At the same time as prohibition was being defeated in Missouri, Frances Willard and other temperance activists were seeking to outlaw alcohol nationally. Vice President and later President William Jennings Bryan became a fervent advocate of a prohibition amendment in the constitution, and personally gave his endorsement when one was introduced in Congress in 1900. The proposed Swallow-Volstead Amendment[4] passed the House and Senate with support not only from Republicans but from the Populists and some Southern Democrats, and the amendment was sent to the states. However, with Bryan's defeat in the 1900 election, a growing urban population turning against prohibition, and trade issues arising from the Great War, the amendment languished in the states. By 1912, only sixteen states had ratified the amendment. After the end of the Great War, there was a renewed push for passage of the Swallow-Volstead Amendment but there was also renewed opposition. In particular, Cuba Senator Emilio Bacardi of the Bacardi distillery family spoke vigorously against passage of the amendment as a looming economic disaster. Emilio Bacardi became instrumental in guiding the ultimate defeat of the amendment by authoring a deadline on state ratification. Arguing that it had already been a decade since the amendment had been proposed, the Bacardi Deadline set out two more years for the amendment to be ratified before it would be dropped and have to be passed through Congress again. Wet and Dry activists fought for that time, but the Swallow-Volstead Amendment failed sufficient ratification by 1914, and was not passed. Over the following decades, several states that had enacted prohibition repealed their laws. Notably, however, Calhoun, Vermont, and Maine have retained alcohol prohibition statewide to this day. In Missouri, the Anheuser family was one of the most vocal opponents of prohibition and helped to mobilize the German immigrant community against the measures. The brewery begun by Eberhard Anheuser and the vineyards begun by his nephew Rudolf still operate as staples of Saint Louis and east Missouri culture[5].
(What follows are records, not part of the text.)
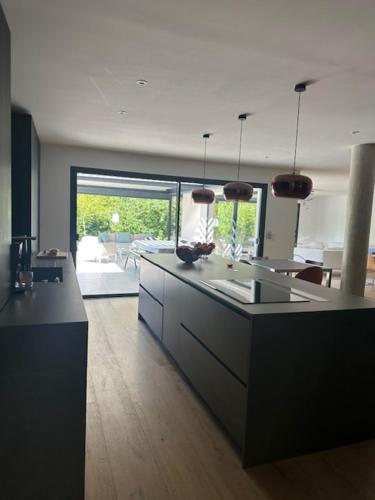 eine Küche mit einer großen Insel in einem Zimmer in der Unterkunft Maison proche centre de Montpellier au calme in Saint-Clément-de-Rivière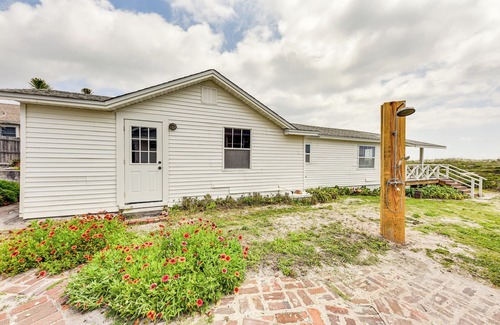 Fernandina Beach Cottage | Oceanfront Amelia Island Cottage: Deck & Boardwalk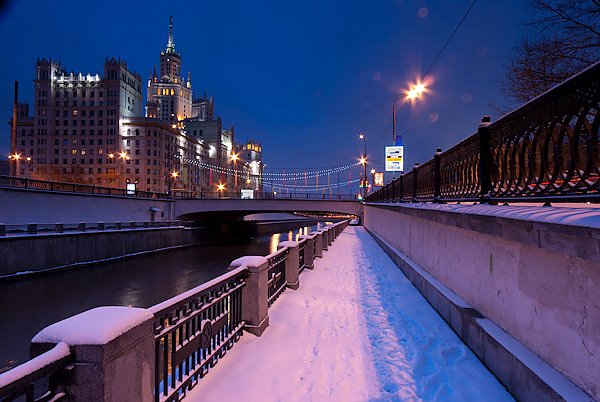 Москва. Астахов мост и Сталинская высотка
[1] From the last women's suffrage update here.
[2] Bessie Lathe Scovell was in OTL head of the Minnesota chapter of the Women's Christian Temperance Union.
[3] Both Maine and Vermont passed prohibition laws in the 1850s. In OTL they were repealed shortly after, but ITTL they stay.
[4] Proposed by Pennsylvania Congressman Silas Swallow and Demoine Senator Andrew Volstead.
[5] Eberhard Anheuser is of course the founder of what would become Anheuser-Busch in OTL. However, his nephew Rudolf remained in Germany in OTL and started vineyards in the Nahe wine region. In TTL, Rudolf goes with Eberhard to America, and starts vineyards in the Missouri Rhineland, and without national prohibition, the Missouri wine industry never collapses.